In 1918, Allentown millionaire General Harry C. Trexler began buying land. Trexler began his career as a clerk, but soon branched into logging and other industries, becoming a wealthy businessman and philanthropist. Trexler purchased the land at Hickory Run for one purpose:

“I would like to see Hickory Run developed into a state park where families can come and enjoy wholesome recreation.”

-Lehigh County Historical Society, The General and His Captain, 1984

Trexler opened his land to public hunting and fishing. One thousand acres were fenced off to propagate game animals and a fish hatchery was established. Wardens patrolled the propagation area, and part of the path they walked has become Gamewire Trail. Trexler died before his plans could be completed.

In 1935, the National Park Service purchased Hickory Run to create a national recreation demonstration area. These areas were placed near large urban centers to provide fresh air recreation for lower class urban dwellers. In 1936, Works Progress Administration workers arrived and began building roads, trails, fire roads, water lines and the group camps. In 1939, the Civilian Conservation Corps (CCC) established Camp NP-6. The CCC camp was adjacent to the current campground by the CCC Dam. A playground and open field now occupy the site where 200 young men had their camp.

In 1945, the Hickory Run National Recreation Demonstration Area was transferred to Pennsylvania and became Hickory Run State Park.

Why Hickory Run?

Run is a colloquial name for a stream. Most of the local streams are called runs, but why Hickory Run when there are so few hickories in the area?

A logical theory is that when settlers arrived in the area they found many hickory trees. The logging era could have removed the trees, but there are very few hickory trees in the park today. If there once were many trees, there should have been a good seed base to regrow the hickories. This theory cannot be proven unless logging records can be discovered.

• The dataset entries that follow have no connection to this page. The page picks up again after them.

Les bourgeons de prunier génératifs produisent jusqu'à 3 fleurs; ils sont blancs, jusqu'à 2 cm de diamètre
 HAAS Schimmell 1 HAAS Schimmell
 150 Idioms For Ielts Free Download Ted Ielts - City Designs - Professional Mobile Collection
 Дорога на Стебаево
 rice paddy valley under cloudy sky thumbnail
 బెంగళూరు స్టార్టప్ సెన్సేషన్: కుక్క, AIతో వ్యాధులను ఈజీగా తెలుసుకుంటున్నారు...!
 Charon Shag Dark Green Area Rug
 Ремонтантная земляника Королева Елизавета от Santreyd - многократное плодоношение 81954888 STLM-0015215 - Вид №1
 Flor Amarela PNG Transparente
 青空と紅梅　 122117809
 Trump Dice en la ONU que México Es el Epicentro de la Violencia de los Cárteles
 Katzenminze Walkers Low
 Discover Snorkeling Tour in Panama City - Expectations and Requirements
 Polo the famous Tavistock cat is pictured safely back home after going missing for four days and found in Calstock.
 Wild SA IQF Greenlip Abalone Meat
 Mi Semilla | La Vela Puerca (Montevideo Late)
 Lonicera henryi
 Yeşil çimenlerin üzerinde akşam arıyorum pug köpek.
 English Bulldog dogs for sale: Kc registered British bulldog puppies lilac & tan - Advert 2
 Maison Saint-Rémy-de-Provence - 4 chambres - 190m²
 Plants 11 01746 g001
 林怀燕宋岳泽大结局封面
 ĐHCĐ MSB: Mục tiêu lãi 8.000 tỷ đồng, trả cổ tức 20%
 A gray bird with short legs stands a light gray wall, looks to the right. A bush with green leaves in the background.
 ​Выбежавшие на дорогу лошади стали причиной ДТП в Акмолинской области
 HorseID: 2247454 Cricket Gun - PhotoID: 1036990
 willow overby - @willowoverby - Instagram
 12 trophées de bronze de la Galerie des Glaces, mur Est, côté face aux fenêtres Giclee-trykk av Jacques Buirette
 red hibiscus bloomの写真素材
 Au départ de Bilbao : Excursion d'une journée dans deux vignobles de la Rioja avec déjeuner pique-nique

The other theory for the name is based on a story from the early inhabitants of the town of Hickory Run. They say that the first explorers up the stream valley found a huge hickory tree surrounded by pine trees. This unique tree formation inspired the name. Recent explorations of the lower reaches of Hickory Run have failed to discover the huge hickory tree or the pine grove, but the story and name live on.